▶ **The problem**: Copy each record below exactly, please, and leave its pictures out.

====== Available data

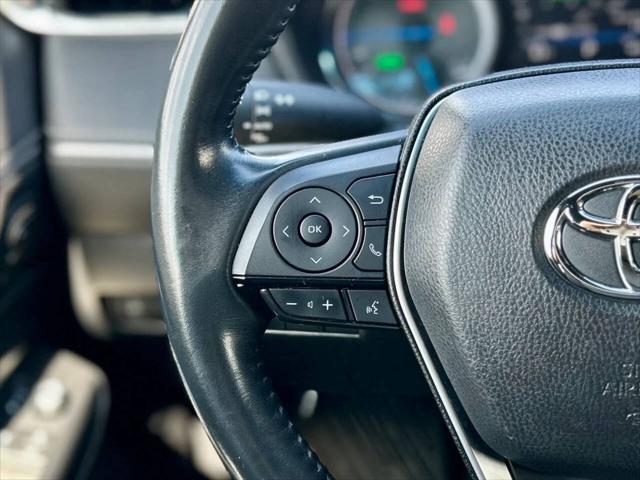 2021 Toyota Venza Limited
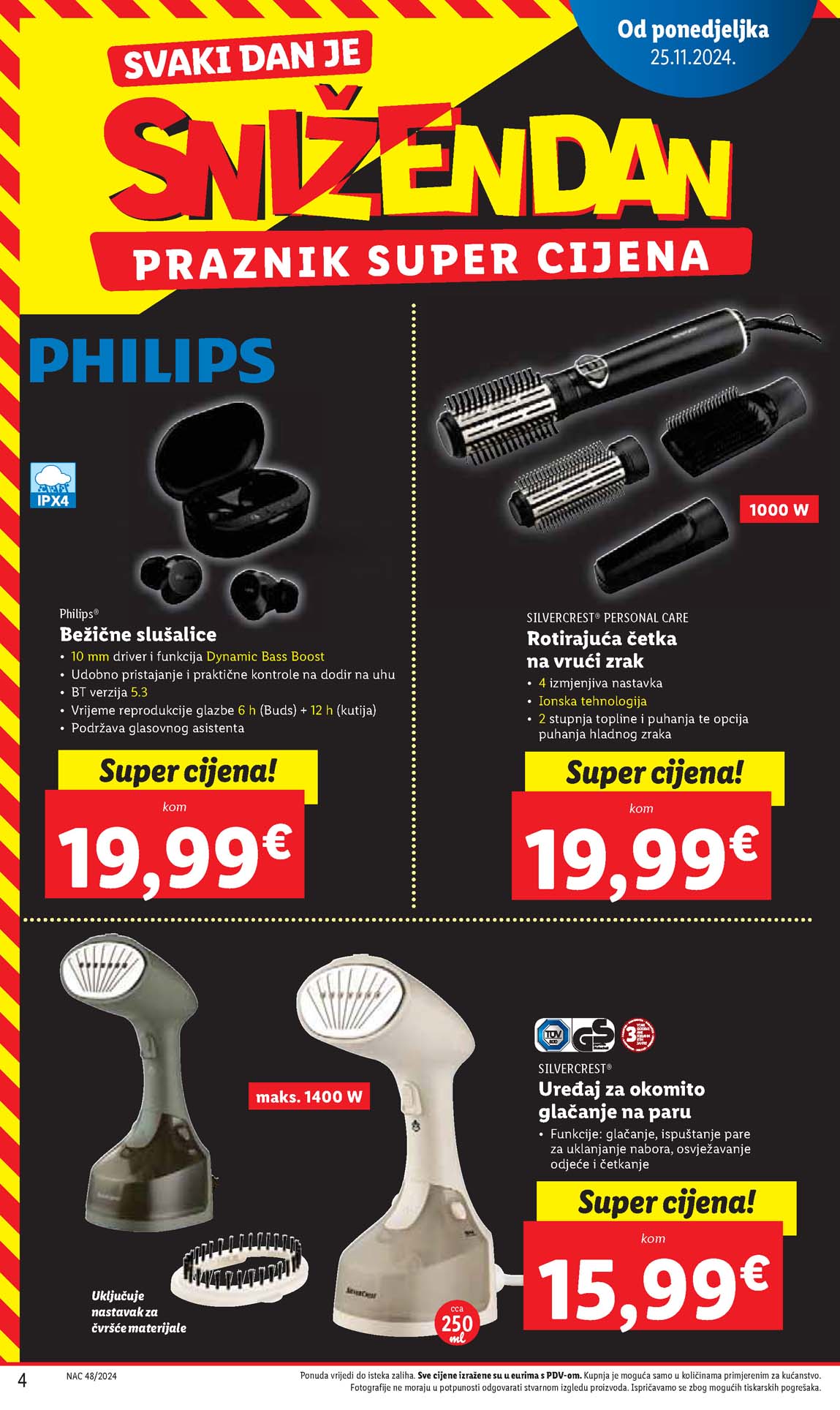 Katalog Lidl kataloška akcija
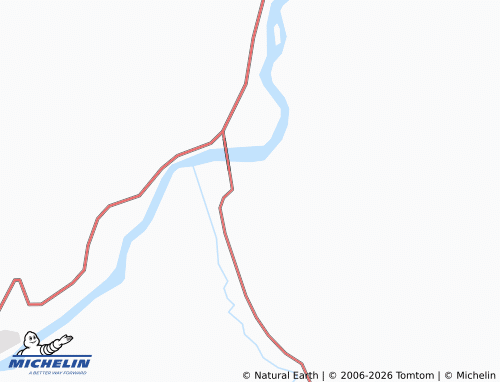 MICHELIN Jingyuan map - ViaMichelin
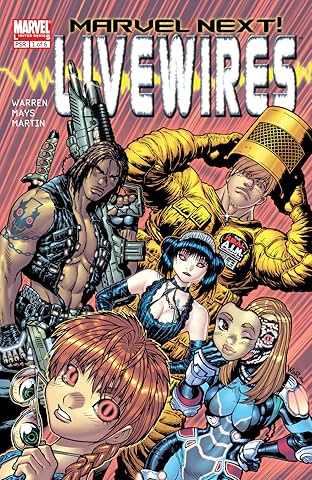 Livewires (2006) #1 (of 6)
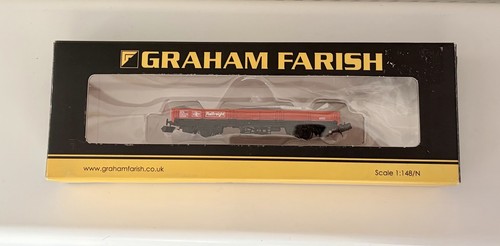 Gauge graham farish 377 725 - n,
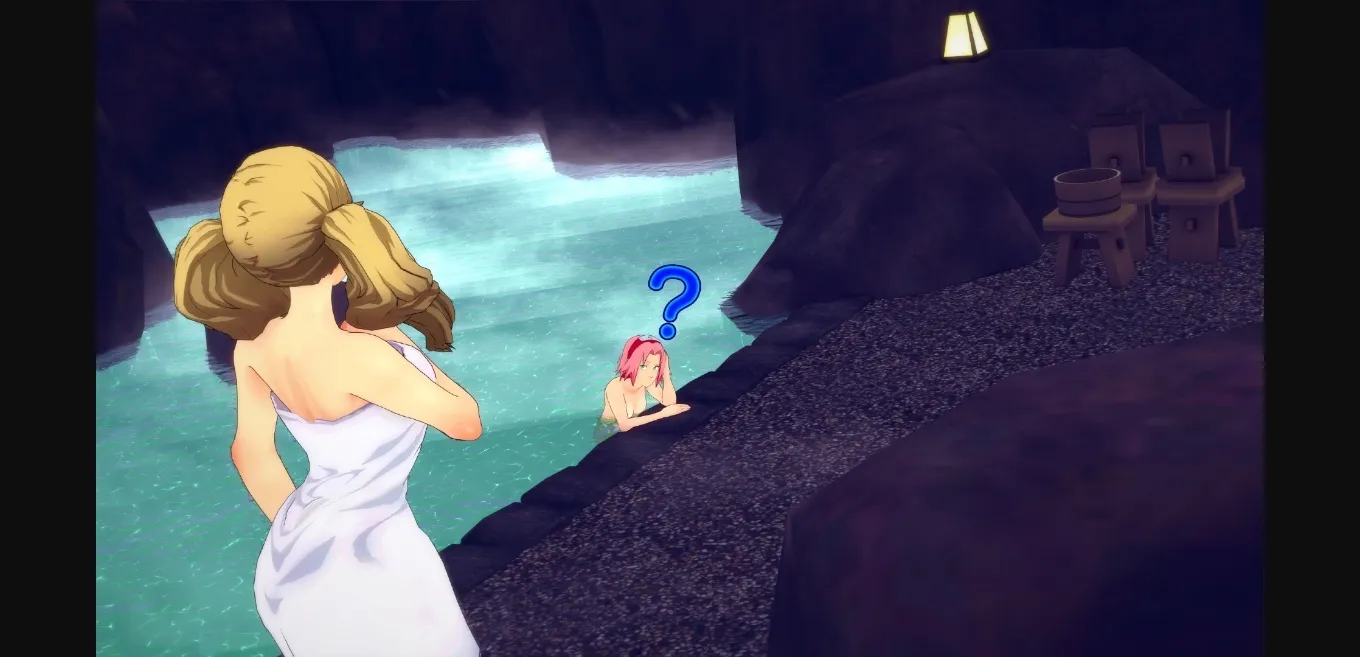 VN Ren'Py Not My Dimension [v0.3] [Oxdil] | Free Adult Games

============

▶ **Solved exercise**:
 2021 Toyota Venza Limited
 Katalog Lidl kataloška akcija
 MICHELIN Jingyuan map - ViaMichelin
 Livewires (2006) #1 (of 6)
 Gauge graham farish 377 725 - n,
 VN Ren'Py Not My Dimension [v0.3] [Oxdil] | Free Adult Games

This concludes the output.